Records provided Start Marker
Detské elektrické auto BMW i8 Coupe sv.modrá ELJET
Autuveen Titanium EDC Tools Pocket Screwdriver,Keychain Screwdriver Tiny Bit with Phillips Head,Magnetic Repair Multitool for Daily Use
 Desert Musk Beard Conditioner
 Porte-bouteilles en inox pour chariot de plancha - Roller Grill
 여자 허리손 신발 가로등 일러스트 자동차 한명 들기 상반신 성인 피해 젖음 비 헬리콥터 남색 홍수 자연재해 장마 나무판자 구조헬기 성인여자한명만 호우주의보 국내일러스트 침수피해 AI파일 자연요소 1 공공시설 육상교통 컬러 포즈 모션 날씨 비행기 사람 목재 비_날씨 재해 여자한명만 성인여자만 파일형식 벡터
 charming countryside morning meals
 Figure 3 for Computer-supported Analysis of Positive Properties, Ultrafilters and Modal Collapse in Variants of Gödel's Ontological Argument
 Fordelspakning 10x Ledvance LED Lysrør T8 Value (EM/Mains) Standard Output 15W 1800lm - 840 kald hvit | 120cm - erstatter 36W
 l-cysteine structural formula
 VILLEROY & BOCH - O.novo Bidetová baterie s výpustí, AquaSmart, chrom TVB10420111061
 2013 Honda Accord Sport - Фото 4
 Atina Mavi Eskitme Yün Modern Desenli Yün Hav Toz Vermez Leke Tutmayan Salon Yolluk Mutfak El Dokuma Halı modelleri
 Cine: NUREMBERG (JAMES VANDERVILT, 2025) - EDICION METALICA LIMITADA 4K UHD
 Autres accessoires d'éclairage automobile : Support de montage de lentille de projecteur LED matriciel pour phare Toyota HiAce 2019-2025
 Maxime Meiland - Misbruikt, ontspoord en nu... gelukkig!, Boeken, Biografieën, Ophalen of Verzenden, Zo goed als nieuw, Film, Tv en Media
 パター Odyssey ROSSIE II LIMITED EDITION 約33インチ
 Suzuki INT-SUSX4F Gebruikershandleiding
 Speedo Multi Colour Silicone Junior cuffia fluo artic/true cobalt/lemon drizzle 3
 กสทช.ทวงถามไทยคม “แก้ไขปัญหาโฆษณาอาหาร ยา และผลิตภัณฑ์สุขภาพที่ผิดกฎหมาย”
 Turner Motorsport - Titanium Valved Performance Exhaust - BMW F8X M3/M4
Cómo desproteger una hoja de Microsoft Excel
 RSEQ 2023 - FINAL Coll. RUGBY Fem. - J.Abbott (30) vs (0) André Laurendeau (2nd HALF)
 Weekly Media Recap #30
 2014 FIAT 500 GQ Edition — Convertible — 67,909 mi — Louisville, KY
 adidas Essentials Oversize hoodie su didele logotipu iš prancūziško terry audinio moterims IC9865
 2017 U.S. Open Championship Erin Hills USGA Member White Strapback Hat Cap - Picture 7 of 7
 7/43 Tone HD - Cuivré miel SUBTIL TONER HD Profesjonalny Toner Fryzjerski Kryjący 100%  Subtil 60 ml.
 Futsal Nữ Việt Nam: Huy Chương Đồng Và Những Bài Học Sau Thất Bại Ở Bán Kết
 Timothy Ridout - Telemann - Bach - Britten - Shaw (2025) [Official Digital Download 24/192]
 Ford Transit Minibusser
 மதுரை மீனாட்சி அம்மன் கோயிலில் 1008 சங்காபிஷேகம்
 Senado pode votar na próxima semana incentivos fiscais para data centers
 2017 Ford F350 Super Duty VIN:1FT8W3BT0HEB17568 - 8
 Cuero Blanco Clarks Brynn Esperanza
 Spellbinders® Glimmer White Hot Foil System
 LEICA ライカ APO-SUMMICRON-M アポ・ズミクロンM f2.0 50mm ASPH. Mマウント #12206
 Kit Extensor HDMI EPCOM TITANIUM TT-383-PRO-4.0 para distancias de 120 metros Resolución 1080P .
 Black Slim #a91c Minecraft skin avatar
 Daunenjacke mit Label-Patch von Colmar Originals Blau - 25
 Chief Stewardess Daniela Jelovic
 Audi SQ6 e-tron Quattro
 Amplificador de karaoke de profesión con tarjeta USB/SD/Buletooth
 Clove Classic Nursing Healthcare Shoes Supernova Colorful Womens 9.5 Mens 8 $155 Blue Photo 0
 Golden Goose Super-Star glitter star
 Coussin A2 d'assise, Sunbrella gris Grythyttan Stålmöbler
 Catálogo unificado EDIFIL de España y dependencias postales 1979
Records provided End Marker
What you have to do
Among the lines of the listing above, count those that include the string "pour" and give that total alone.

Task output
2